● **Problem details**:
Transcribe all the data, leaving each word as it is.

Brief descriptive captions:
==========

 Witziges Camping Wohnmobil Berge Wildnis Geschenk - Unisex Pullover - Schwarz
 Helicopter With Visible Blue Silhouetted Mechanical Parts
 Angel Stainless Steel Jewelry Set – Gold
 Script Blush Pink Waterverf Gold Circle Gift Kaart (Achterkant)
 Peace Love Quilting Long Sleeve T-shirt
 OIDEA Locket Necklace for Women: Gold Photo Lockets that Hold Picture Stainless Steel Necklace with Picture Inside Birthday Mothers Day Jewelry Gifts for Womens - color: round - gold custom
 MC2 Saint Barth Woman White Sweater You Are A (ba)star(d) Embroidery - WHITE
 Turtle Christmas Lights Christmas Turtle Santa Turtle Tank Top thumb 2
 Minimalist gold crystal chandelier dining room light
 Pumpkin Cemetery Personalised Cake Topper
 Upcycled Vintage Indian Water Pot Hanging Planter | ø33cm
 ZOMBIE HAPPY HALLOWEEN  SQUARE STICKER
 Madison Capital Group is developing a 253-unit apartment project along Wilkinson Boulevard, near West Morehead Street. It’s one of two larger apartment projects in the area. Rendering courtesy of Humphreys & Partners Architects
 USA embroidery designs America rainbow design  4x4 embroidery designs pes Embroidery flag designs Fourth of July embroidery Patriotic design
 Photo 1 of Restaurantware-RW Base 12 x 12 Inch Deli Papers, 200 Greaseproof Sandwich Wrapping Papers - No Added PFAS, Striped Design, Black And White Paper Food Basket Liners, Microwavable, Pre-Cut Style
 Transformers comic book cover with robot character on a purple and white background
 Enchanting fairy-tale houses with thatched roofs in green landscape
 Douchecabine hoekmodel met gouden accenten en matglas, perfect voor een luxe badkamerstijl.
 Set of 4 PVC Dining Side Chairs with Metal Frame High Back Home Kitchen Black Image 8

==========

● **The answer**:
 Witziges Camping Wohnmobil Berge Wildnis Geschenk - Unisex Pullover - Schwarz
 Helicopter With Visible Blue Silhouetted Mechanical Parts
 Angel Stainless Steel Jewelry Set – Gold
 Script Blush Pink Waterverf Gold Circle Gift Kaart (Achterkant)
 Peace Love Quilting Long Sleeve T-shirt
 OIDEA Locket Necklace for Women: Gold Photo Lockets that Hold Picture Stainless Steel Necklace with Picture Inside Birthday Mothers Day Jewelry Gifts for Womens - color: round - gold custom
 MC2 Saint Barth Woman White Sweater You Are A (ba)star(d) Embroidery - WHITE
 Turtle Christmas Lights Christmas Turtle Santa Turtle Tank Top thumb 2
 Minimalist gold crystal chandelier dining room light
 Pumpkin Cemetery Personalised Cake Topper
 Upcycled Vintage Indian Water Pot Hanging Planter | ø33cm
 ZOMBIE HAPPY HALLOWEEN  SQUARE STICKER
 Madison Capital Group is developing a 253-unit apartment project along Wilkinson Boulevard, near West Morehead Street. It’s one of two larger apartment projects in the area. Rendering courtesy of Humphreys & Partners Architects
 USA embroidery designs America rainbow design  4x4 embroidery designs pes Embroidery flag designs Fourth of July embroidery Patriotic design
 Photo 1 of Restaurantware-RW Base 12 x 12 Inch Deli Papers, 200 Greaseproof Sandwich Wrapping Papers - No Added PFAS, Striped Design, Black And White Paper Food Basket Liners, Microwavable, Pre-Cut Style
 Transformers comic book cover with robot character on a purple and white background
 Enchanting fairy-tale houses with thatched roofs in green landscape
 Douchecabine hoekmodel met gouden accenten en matglas, perfect voor een luxe badkamerstijl.
 Set of 4 PVC Dining Side Chairs with Metal Frame High Back Home Kitchen Black Image 8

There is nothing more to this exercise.